The Apostle Paul’s letter to the Christians in Philippi is one of our best-loved, with so many “memorizable” verses that bolster our faith!
It’s amazing when you consider who he is writing to, and under what circumstances.  Paul is imprisoned, under Roman guard – and he’s writing to the believers in Philippi, which was a colony of retired Roman soldiers! 
But those retired Roman soldiers, made new in Christ, became his friends and supporters for the rest of his life – and his reason for writing to them was to thank them for the collection they took, and sent to him via the man named Epaphroditus, mentioned in the last chapter, to help him.  (In those days, jailers didn’t provide anything to prisoners – you had to have your own resources, or family, to care for yourself.)
These former soldiers are living examples of the truth that Jesus makes us new and Jesus makes us family to one another.  Under other circumstances, you can imagine that Paul wouldn’t trust these folks, and they’d consider him worthless, if he’s been imprisoned! 
But they know the truth of the new life Paul preached to them when he was in Philippi.  And he knows that they are indeed “born anew” by the Holy Spirit – and so he remembers them with joy and prays for them as partners with him in living out and telling out the good news of life in Jesus.

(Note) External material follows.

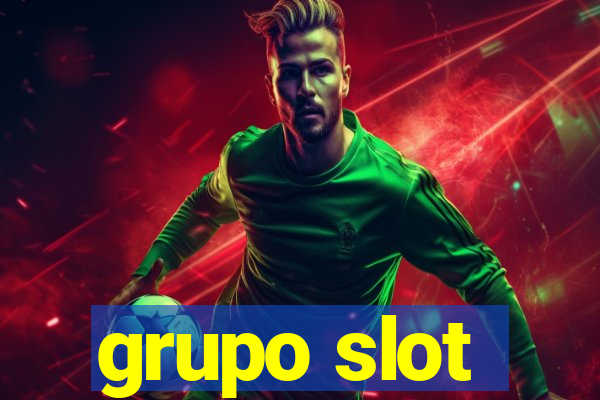 grupo slot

This is a good lesson to us if we are tempted to write anyone off as too-far-gone or not-worthy of the love of God, the grace of Christ, the renewing of the Holy Spirit!  That God is all about reconciling us to Him AND to one another is the very center of this good news.
And then Paul gives them, and us, even more good news, in one sentence, because he says he’s confident (Latin: “with faith”) about it: 
He who began a good work in you WILL CARRY IT ON TO COMPLETION until the day of Christ Jesus.

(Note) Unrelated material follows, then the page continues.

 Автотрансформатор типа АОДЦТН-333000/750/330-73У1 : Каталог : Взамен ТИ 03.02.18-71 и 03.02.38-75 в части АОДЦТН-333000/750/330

Who began the work?  GOD did!  The new life in me and you, is God’s project: we don’t make it, we don’t earn it. 
And God doesn’t walk away from his projects!  God is on a mission in you and in me, and he will keep it up until it’s done, until we are indeed “made holy” – made to be all we were meant to be, in Christ.
And it will be complete, when Jesus comes again for us.  There’s a date on God’s calendar, so to speak, for our complete redemption, the fullness of our “newness,” the unveiling of the real me, and the real you.  Paul says in Colossians, that who we really are will be revealed THEN.  I’m pretty excited to see that!

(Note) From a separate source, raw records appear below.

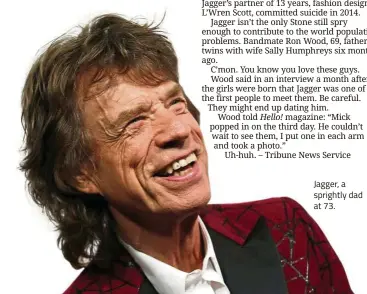  ??  ?? Jagger, a sprightly dad at 73.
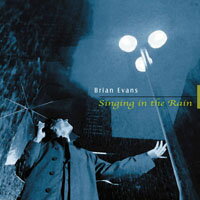 布萊恩．伊凡斯：雨中歡唱 Brian Evans：Singing in the Rain (CD)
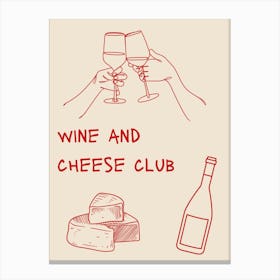 Wine And Cheese Club Red Poster Canvas Print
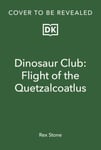 Rex Stone - Dinosaur Club: Flight of the Quetzalcoatlus Bok
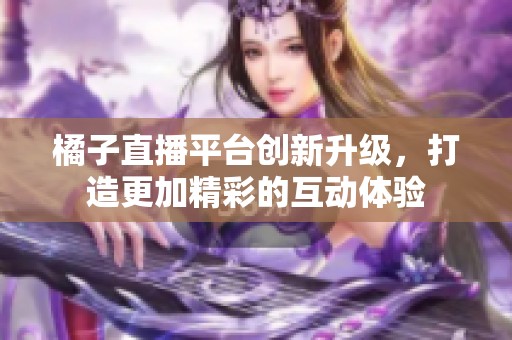 橘子直播平台创新升级，打造更加精彩的互动体验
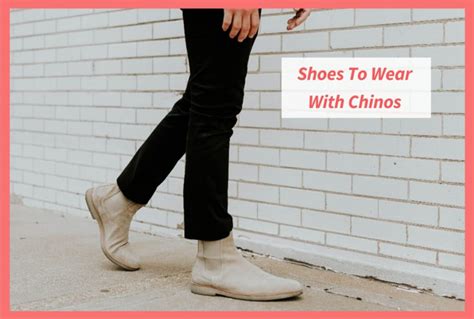 These 6 Shoes Look Fantastic With Chinos The Shoestopper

Paul can call these hardened, formerly brutal, Roman soldiers partners and brothers, because he knows that God is making them new.  And Paul, who confesses his own role in pursuing and jailing followers of Jesus in his own former life, knows that he is being made new, too.   The writer and the readers have been reconciled to God by Jesus, and they have been reconciled to each other, too – and something new and beautiful is coming to life instead. 
And God isn’t going to give up on it until it all comes to pass in its fullness.

God’s not giving up on us, either.  And it’s probable he has some surprising new brothers and sisters for us in this new family!   May we trust the Lord to do this new thing in us and in others, and BETWEEN us, for his glory.

Let’s pray:  Father, in your mercy, you shocked Saul of Tarsus with your glory, and brought him into your new covenant.  In your mercy, Paul brought the good news of Jesus to former Roman soldiers in Philippi  who became his partners in your work!  In your mercy, bring us to a confidence like Paul’s, that your work of making people new will not stop until it is done, in us and in others.  Give us faith like Paul’s that this is a real change, enough to befriend even our former enemies (or they, to befriend us).  May we live in the power of such faith.  In the name of Jesus we pray, Amen.